Employee onboarding is a pivotal time for any new member of your organization and also for your team. For a new team member the ability to get up to speed on the role and feel part of the team quickly is essential to their long-term happiness in the role. The wrong onboarding is the first step in employee off-boarding. For employers – it’s also costly to have a team member that is not properly onboarding. Gallup research has found that the price tag for replacing an employee is equal to half or twice that person’s salary (Cross, Rob, et al. “How To Succeed Quickly in New Role .” Harvard Business Review , Nov. 2021.)
Below I have some helpful tips for an effective and engaging employee onboarding. While taking these steps won’t guarantee your new team member will be a perfect fit for the role – I have found they help quickly bring a new team member into an organization.

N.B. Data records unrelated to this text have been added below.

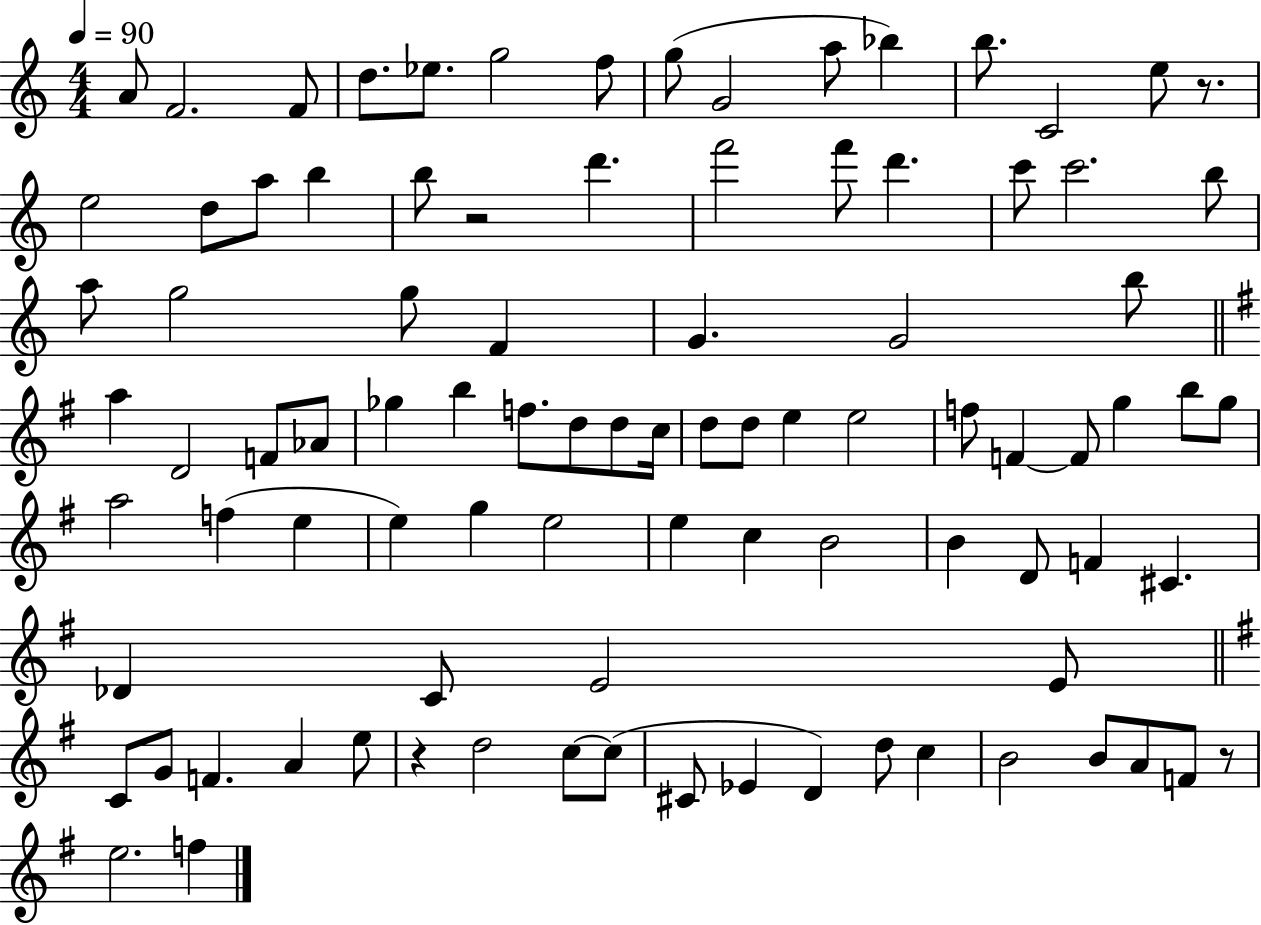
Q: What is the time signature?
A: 4/4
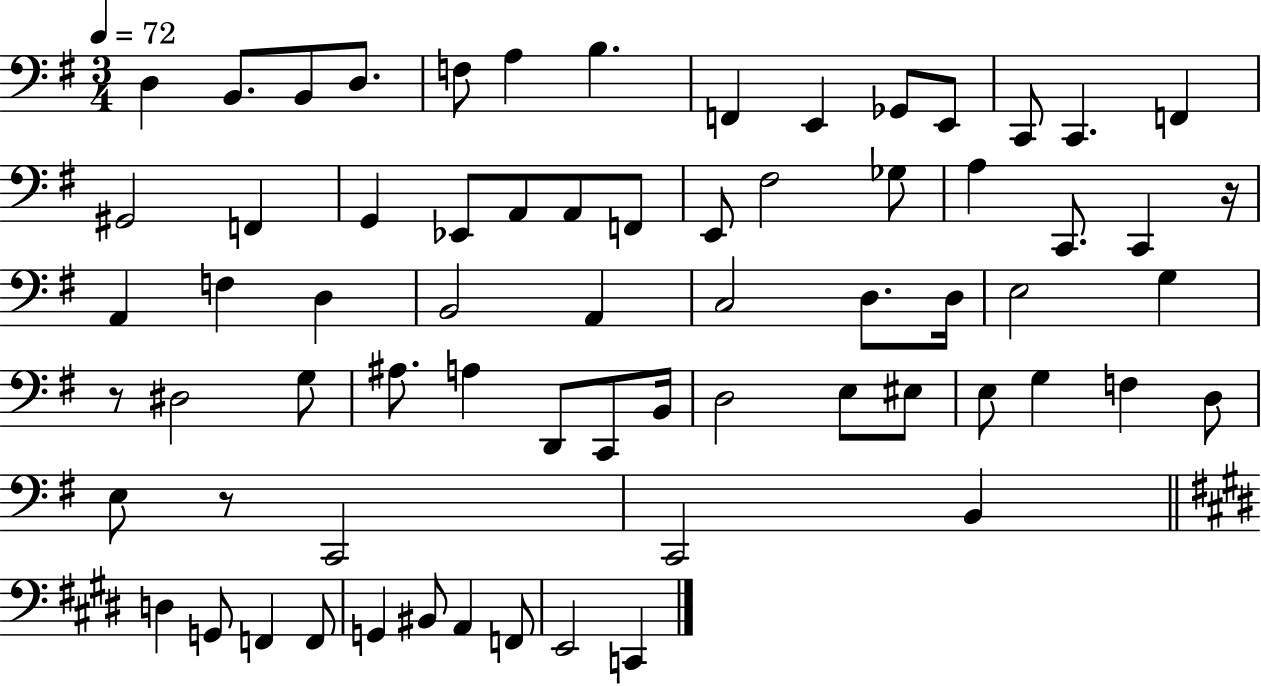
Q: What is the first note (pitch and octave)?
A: D3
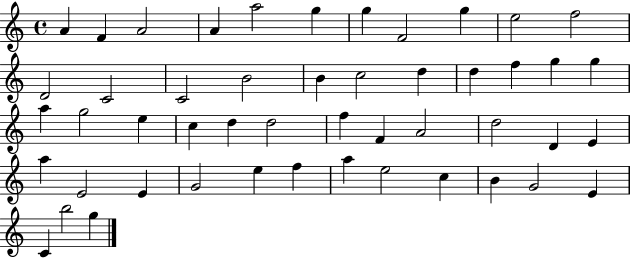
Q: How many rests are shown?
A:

Understand Management Style
One thing that is incredibly helpful is asking questions around management style (both for the manager and their direct report). Being upfront about past bad experiences with bosses or with direct reports will help you both learn a lot about each other. I often find that early conversation prevents frustration in the future. We all have our individual quirks and preferences in how we work. Start by asking each other to describe the characteristics of your past best and worst manager in the past.
I can’t speak enough to the value of consistently documenting as much as possible and then sharing with your new team member. This intensive documentation will help a new team member quickly get up to speed. One can incorrectly assume “documentation” refers purely written material. However I have found a ton of value from from recording calls, meetings, or screen shared material for the intent of being passed on to new team members. Start recording more of your key meetings today if they are conducted virtually.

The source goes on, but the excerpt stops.